Stored data entries
⁂

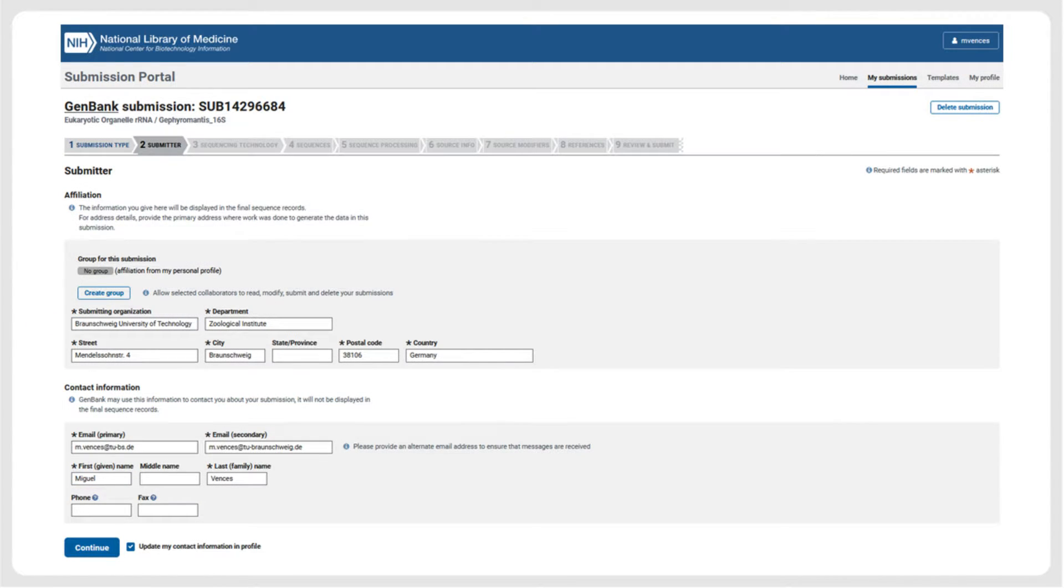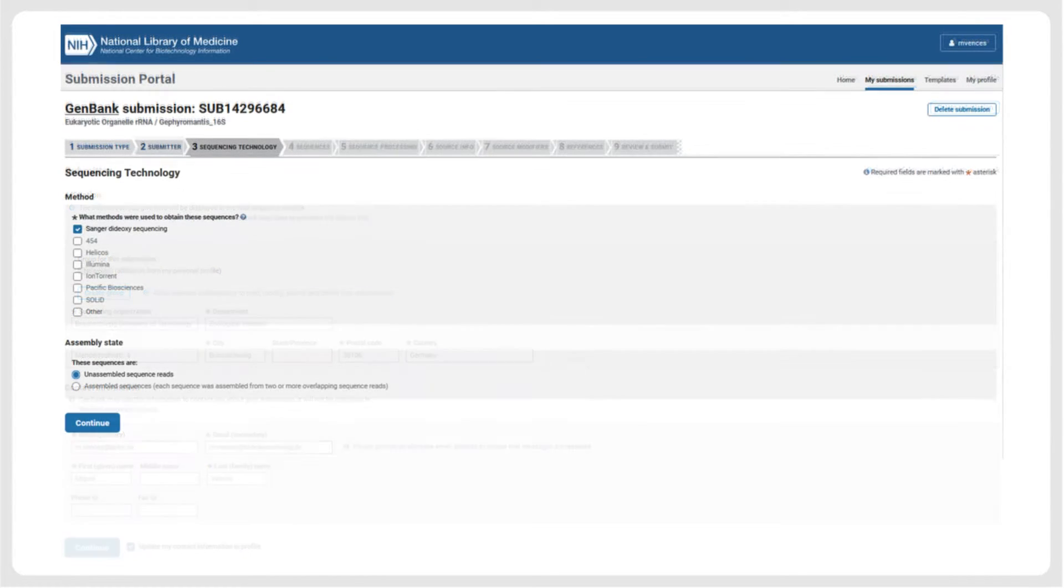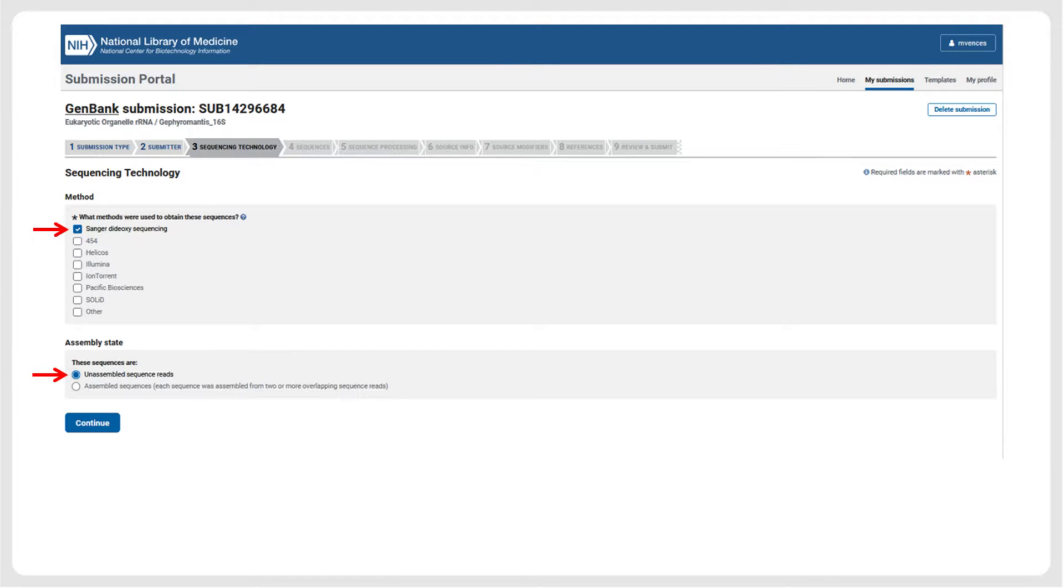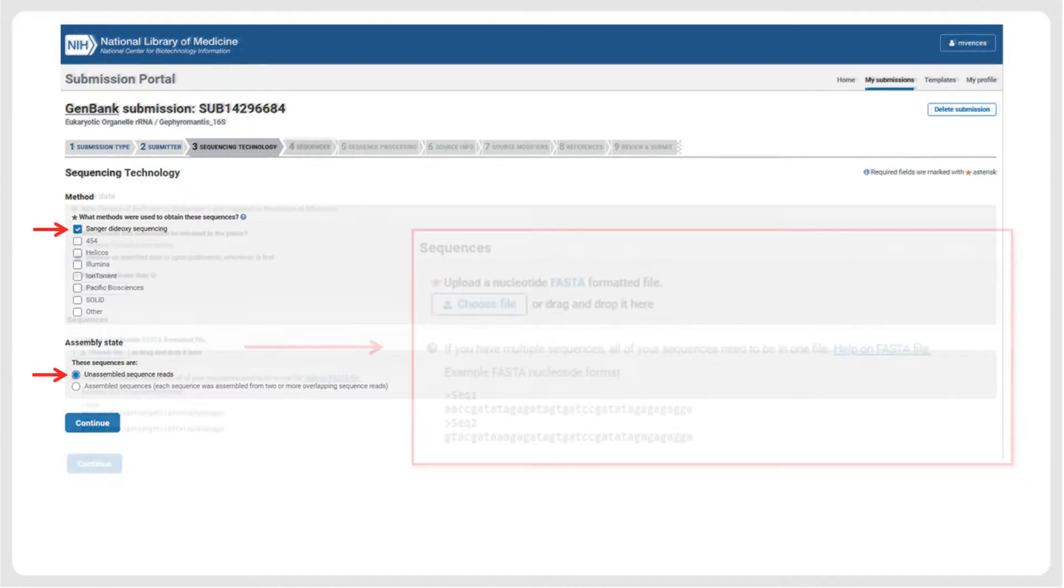On the next page, the contact information of the submitter needs to be specified. In the first step, we need to specify the sequencing technology, which in our case is Sanger sequencing without subsequent assembly.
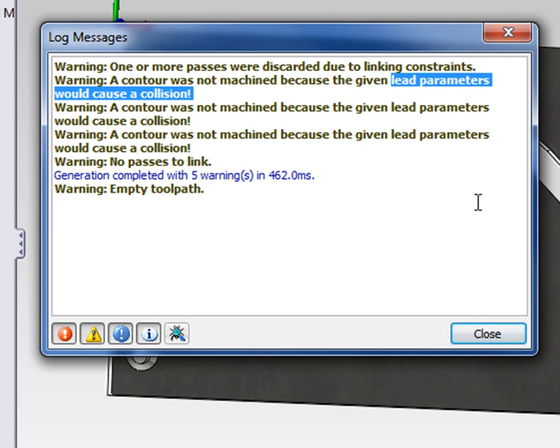Remember, the lead-in is where the tool arcs onto the contour. So if that arc was too big, we're going to be machining in to the back side of the slot.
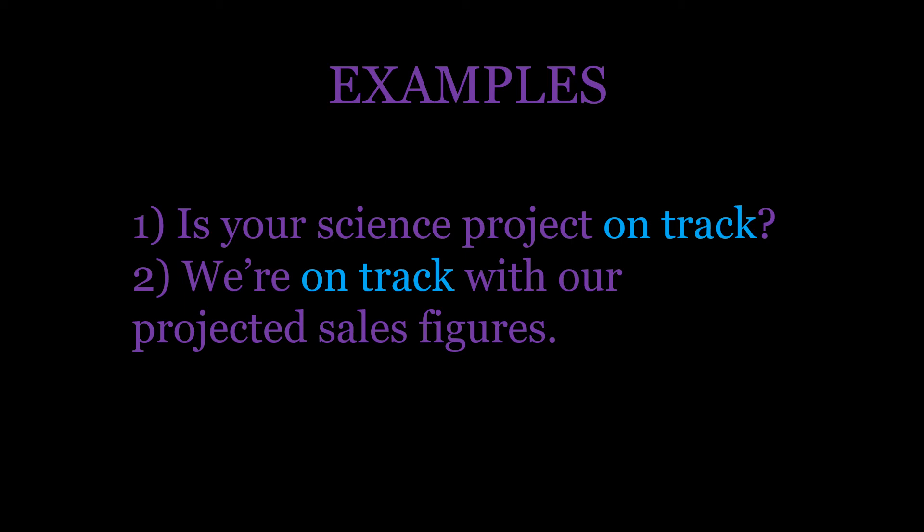We're changing the 'be' verb in this idiom. Is your science project on track right now? We are on track right now. We can also use past and future tenses—it's the 'be' verb that we change.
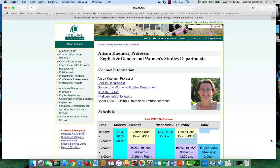Hello English 101B students. This is your professor Allison Keener. This video will help you access Canvas and figure out your way around the class.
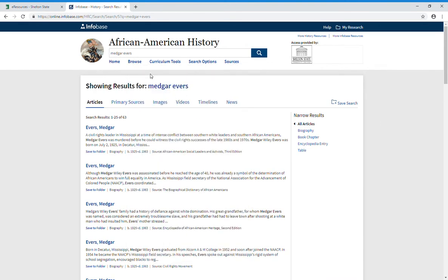It'll bring back results. You can narrow the results on the right-hand side by biographies, book chapters, encyclopedia entries, or tables.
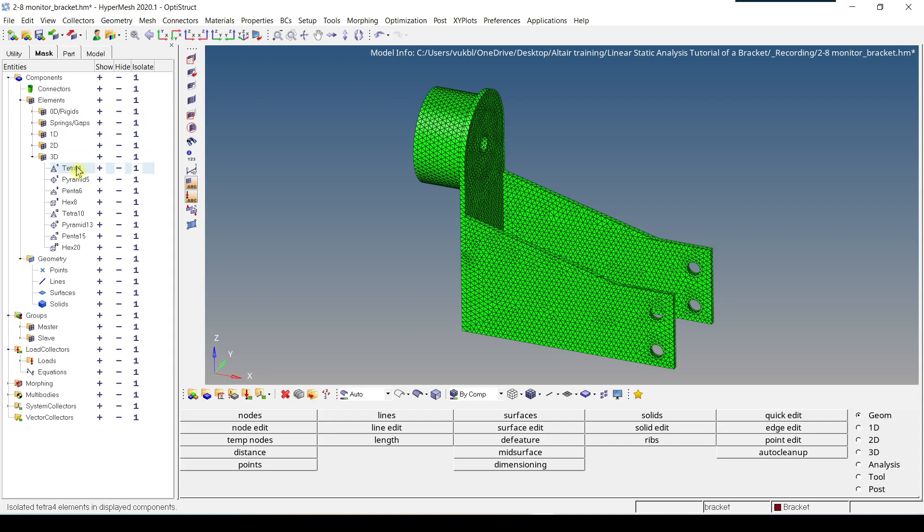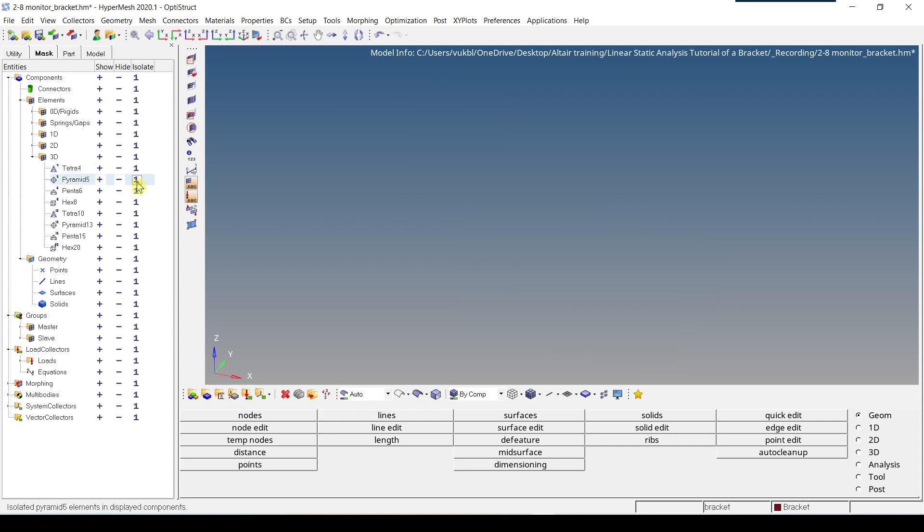And for example, you just want to isolate Pyramid 5 elements, you have to click on this little one next to Pyramid. And as you can see, nothing is displayed, which means there are no Pyramid elements.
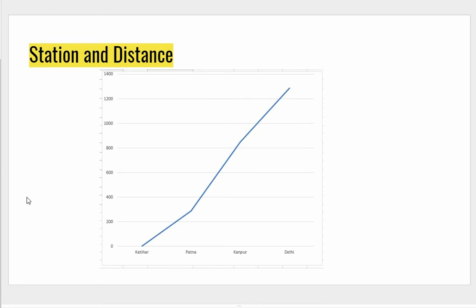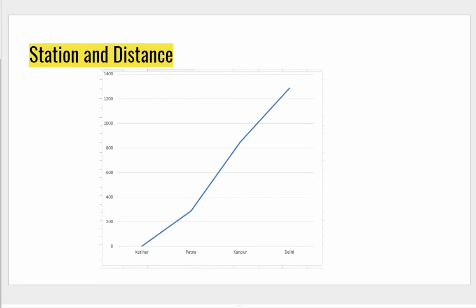The next thing is plotting station versus distance. Starting from Katihar at zero, Patna is marked at 289 kilometers, Kanpur at 849 kilometers, and Delhi at 1,287 kilometers.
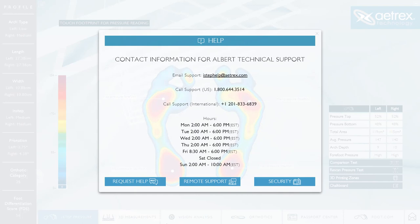This concludes our video. Hope you enjoy ALBERT 3.0. As always, please do not hesitate to contact ALBERT Tech Support for any questions or concerns. We welcome your feedback.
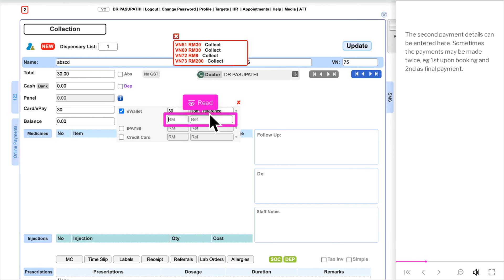The second payment details can be entered here. Sometimes the payments may be made twice, for example, first upon booking and second as final payment.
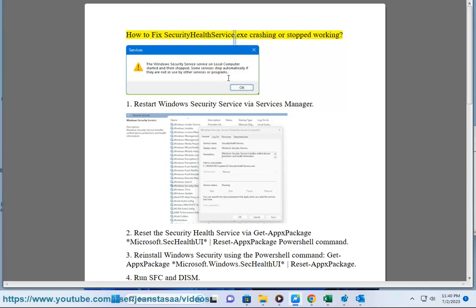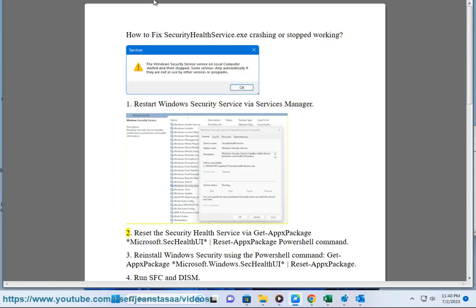How to Fix Security Health Service.exe Crashing or Stop Working. Method 1: Restart Windows Security Service via Services Manager.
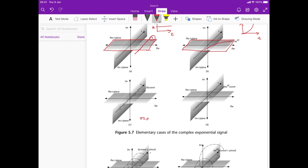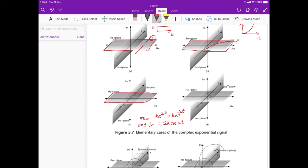Next, set sigma equals zero and choose s = ±jω. With these two values, we get ke^(jωt) + ke^(-jωt), which simplifies to 2k·cos(ωt). The imaginary components cancel out, so this lies purely in the real-time plane. It is a sinusoid with amplitude 2k, shown here as the standard sinusoidal waveform.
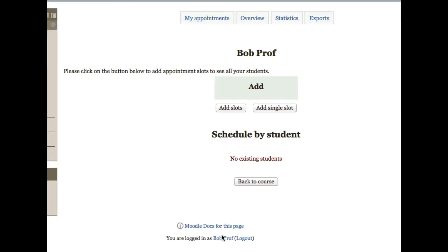On this next page, we'll set up one or more actual time slots for this activity. You can add a single slot, but I'm going to add a regularly repeating slot by clicking on add slots.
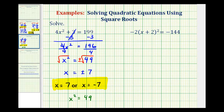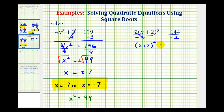Looking at our second example, notice how we have the quantity x plus 2 squared. We're going to isolate this quantity involving x before we take the square root of both sides. The negative 2 is attached by multiplication, so we'll divide both sides by negative 2. Negative 2 over negative 2 simplifies to 1, so now we have the quantity x plus 2 squared equals negative 144 divided by negative 2, which is positive 72.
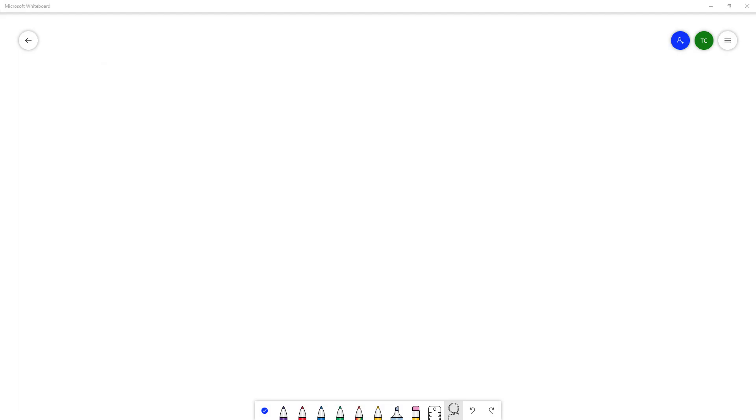So now let's see how we can work with undo and redo options inside of Microsoft Whiteboard. In order to work with undo and redo, I'm just going to use this pen tool right here.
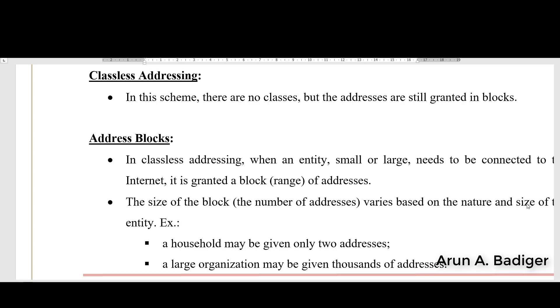Hello viewers, in this class we are going to learn about classless addressing.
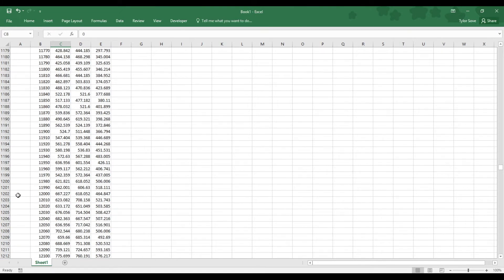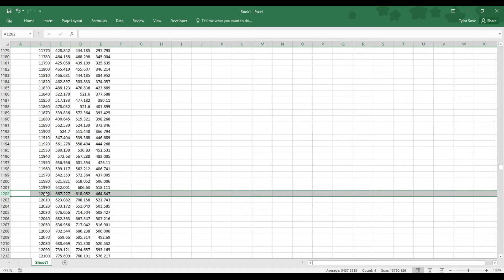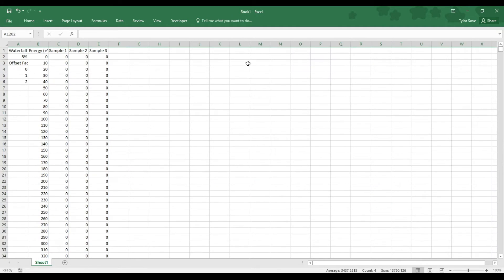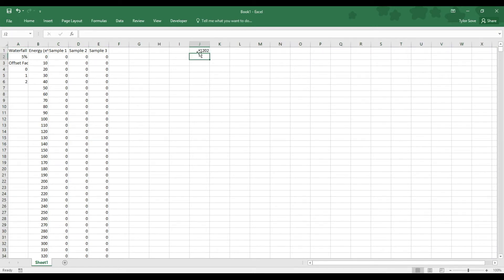Right over here, 12,000 EV corresponds to column, or apologies, row header 1,202. So we'll just make a quick note of that number, somewhere off to the side. 1,202 is what we are concerned with.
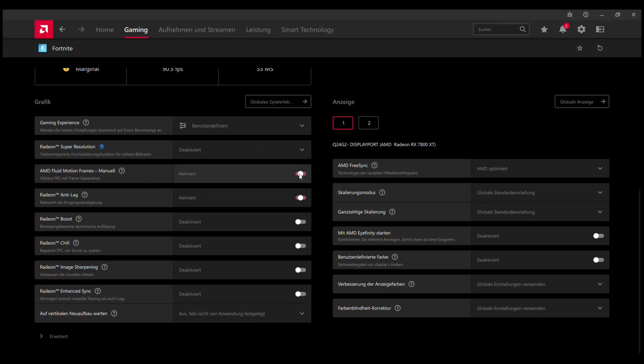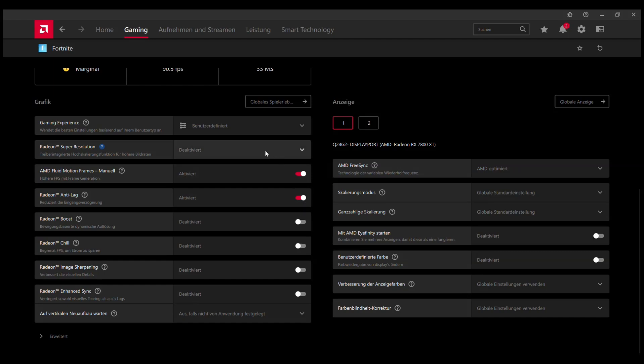AMD recommends using AMD Boost and AMD Anti-Lag. You can also combine this with Radeon Super Resolution for better frame rates.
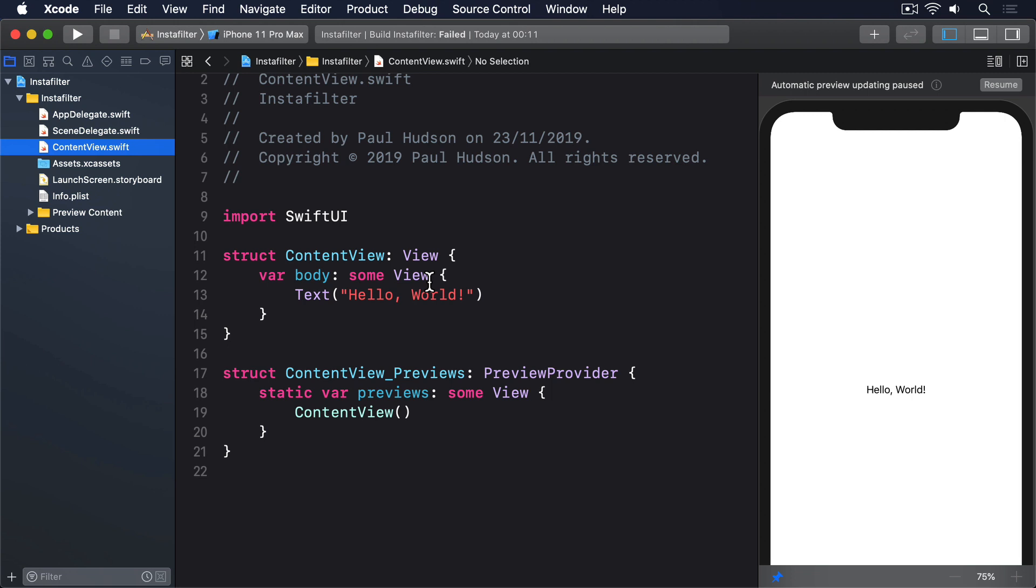Conforming to UIViewControllerRepresentable does require us to implement two methods. One called MakeUIViewController, which is responsible for creating the initial view controller, and another called UpdateUIViewController, which is designed to let us update the view controller when some SwiftUI state changes. These methods have really precise signatures, so I'm going to show you a neat shortcut. The reason the methods are long is because SwiftUI needs to know what type of view controller our struct is wrapping.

⁂

Instructions for the task »
What you should produce is an exact copy of the records, with the pictures left out.

Solution below »
On the next page, the contact information of the submitter needs to be specified. In the first step, we need to specify the sequencing technology, which in our case is Sanger sequencing without subsequent assembly.
Remember, the lead-in is where the tool arcs onto the contour. So if that arc was too big, we're going to be machining in to the back side of the slot.
We're changing the 'be' verb in this idiom. Is your science project on track right now? We are on track right now. We can also use past and future tenses—it's the 'be' verb that we change.
Hello English 101B students. This is your professor Allison Keener. This video will help you access Canvas and figure out your way around the class.
It'll bring back results. You can narrow the results on the right-hand side by biographies, book chapters, encyclopedia entries, or tables.
And for example, you just want to isolate Pyramid 5 elements, you have to click on this little one next to Pyramid. And as you can see, nothing is displayed, which means there are no Pyramid elements.
The next thing is plotting station versus distance. Starting from Katihar at zero, Patna is marked at 289 kilometers, Kanpur at 849 kilometers, and Delhi at 1,287 kilometers.
This concludes our video. Hope you enjoy ALBERT 3.0. As always, please do not hesitate to contact ALBERT Tech Support for any questions or concerns. We welcome your feedback.
The second payment details can be entered here. Sometimes the payments may be made twice, for example, first upon booking and second as final payment.
How to Fix Security Health Service.exe Crashing or Stop Working. Method 1: Restart Windows Security Service via Services Manager.
Next, set sigma equals zero and choose s = ±jω. With these two values, we get ke^(jωt) + ke^(-jωt), which simplifies to 2k·cos(ωt). The imaginary components cancel out, so this lies purely in the real-time plane. It is a sinusoid with amplitude 2k, shown here as the standard sinusoidal waveform.
On this next page, we'll set up one or more actual time slots for this activity. You can add a single slot, but I'm going to add a regularly repeating slot by clicking on add slots.
Looking at our second example, notice how we have the quantity x plus 2 squared. We're going to isolate this quantity involving x before we take the square root of both sides. The negative 2 is attached by multiplication, so we'll divide both sides by negative 2. Negative 2 over negative 2 simplifies to 1, so now we have the quantity x plus 2 squared equals negative 144 divided by negative 2, which is positive 72.
So now let's see how we can work with undo and redo options inside of Microsoft Whiteboard. In order to work with undo and redo, I'm just going to use this pen tool right here.
Hello viewers, in this class we are going to learn about classless addressing.
Right over here, 12,000 EV corresponds to column, or apologies, row header 1,202. So we'll just make a quick note of that number, somewhere off to the side. 1,202 is what we are concerned with.
AMD recommends using AMD Boost and AMD Anti-Lag. You can also combine this with Radeon Super Resolution for better frame rates.
Conforming to UIViewControllerRepresentable does require us to implement two methods. One called MakeUIViewController, which is responsible for creating the initial view controller, and another called UpdateUIViewController, which is designed to let us update the view controller when some SwiftUI state changes. These methods have really precise signatures, so I'm going to show you a neat shortcut. The reason the methods are long is because SwiftUI needs to know what type of view controller our struct is wrapping.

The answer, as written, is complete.